The first part of this thesis focussed on bioinspired mineralization mechanisms during manganese carbonate mineralization under controlled conditions and in the presence of various additives. Among them, two spider silk variants were studied concerning their peptide-tag charge influences as classical protein template. Moreover, the structure-directing, charged synthetic polymer poly(acrylic acid) was added to the reaction. As a result, it was found that not only the components’ charge plays an important role but also the colloidal stability of the spider silk template particles influences the mineralization outcome. Cubic mineralized manganese carbonate species differed in their spider silk particle content depending on particle charge. Further, poly(acrylic acid) yielded the formation of a polymer induced liquid phase similar to reported structures. From these findings, the behaviour of spider silk proteins in mineralization setups could be translated. Their suitability as new catalyst materials could be estimated.
The second thematic complex was related to mineralized tissue regeneration topics. Spider silk renders a biocompatible biomaterial for such applications, as it is non-toxic, biodegradable and shows no immune reaction. Other design criteria for only partially mineralized tissues at the tendon-bone interface, which transfers high loads, are gradual mineralization and cell population towards the bone.
Biomimetic mineralization studies of recombinant spider silk hybrid variants with fusion peptides from mineralization and collagen binding sites of SIBLING proteins in bone were conducted. The material study enlightened their mineralization behaviour and their cell compatibility.
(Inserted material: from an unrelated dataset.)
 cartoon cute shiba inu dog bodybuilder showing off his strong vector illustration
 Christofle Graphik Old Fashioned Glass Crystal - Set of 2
Upon processing two variants into a gradient surface, a clear preference of osteoblast cells towards the collagen binding motive was visualized. This confirmed their suitability for gradual tendon to bone replacement applications.
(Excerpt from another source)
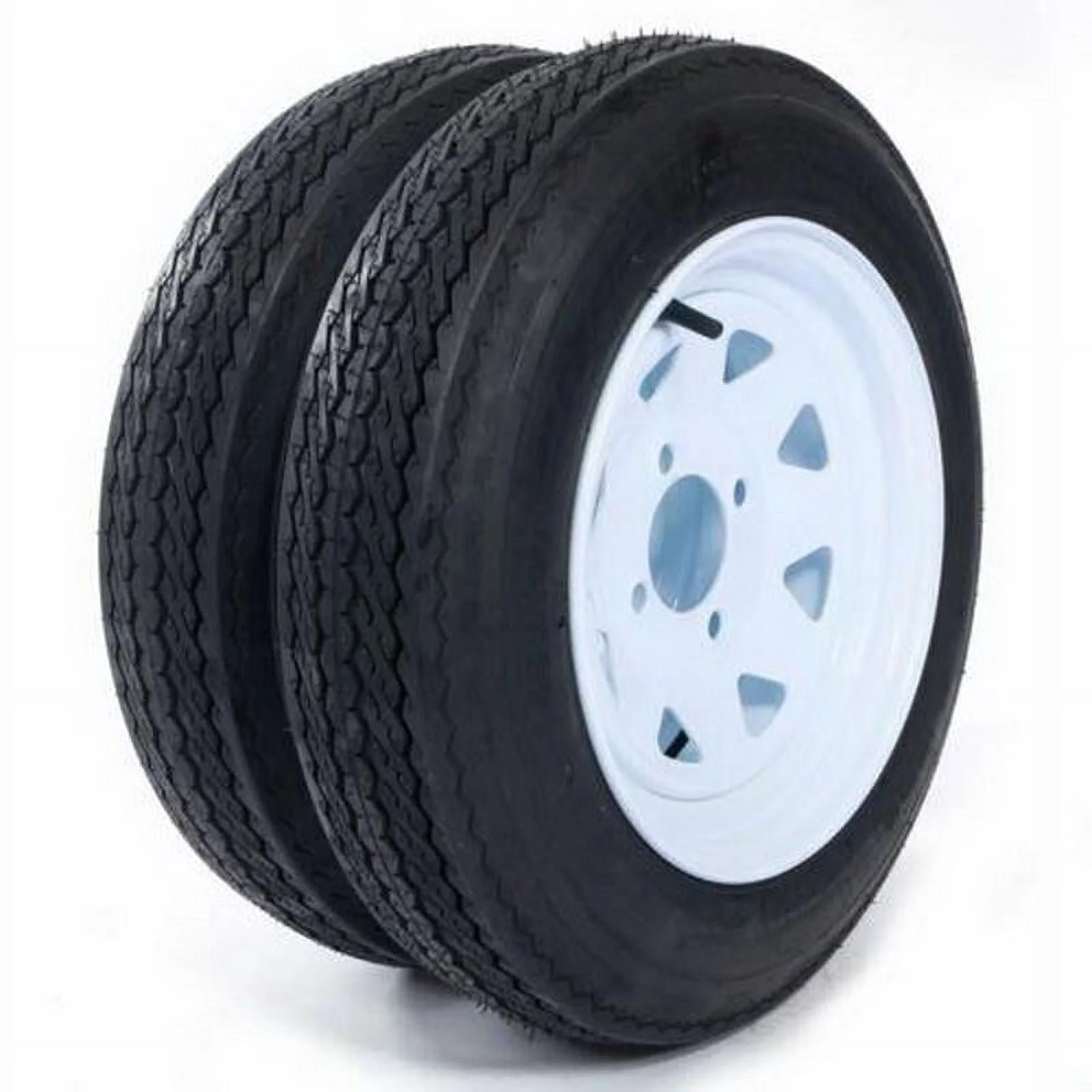 Ktaxon 1 Pair of Trailer Tires & Rims 4.80 - 12 480 - 12 4.80 X 12 4 Lug Wheel White Spoke 780 lb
Further, a recombinant spider silk protein composite material with inorganic fillers was realized. The advantage of this method is the controlled composition of matrix and mineral, which allowed even the incorporation of cells. The development of a new break-through 3D printing technique enabled the easy to handle processing of these bioinks into gradient materials. Therefore, recombinant spider silk hydrogels loaded with cells and fluorapatite particles could be gradient printed, mimicking the natural enthesis, and cell viability after the process was maintained.
In the third part, a new fabrication route for spider silk gels was developed. Folding and self-assembly of recombinant spider silk proteins in miscible aqueous-organic interphases was based on hydrogen bonds and hydrophobic interactions. Besides unraveling the underlying mechanism of structure formation, also higher material stiffness for spider silk gels was yielded in aqueous-organic interphases with dimethylsulfoxide. Due to their organic solvent content, they can be applied as injectable or printable depots for the formulation of water-insoluble drugs.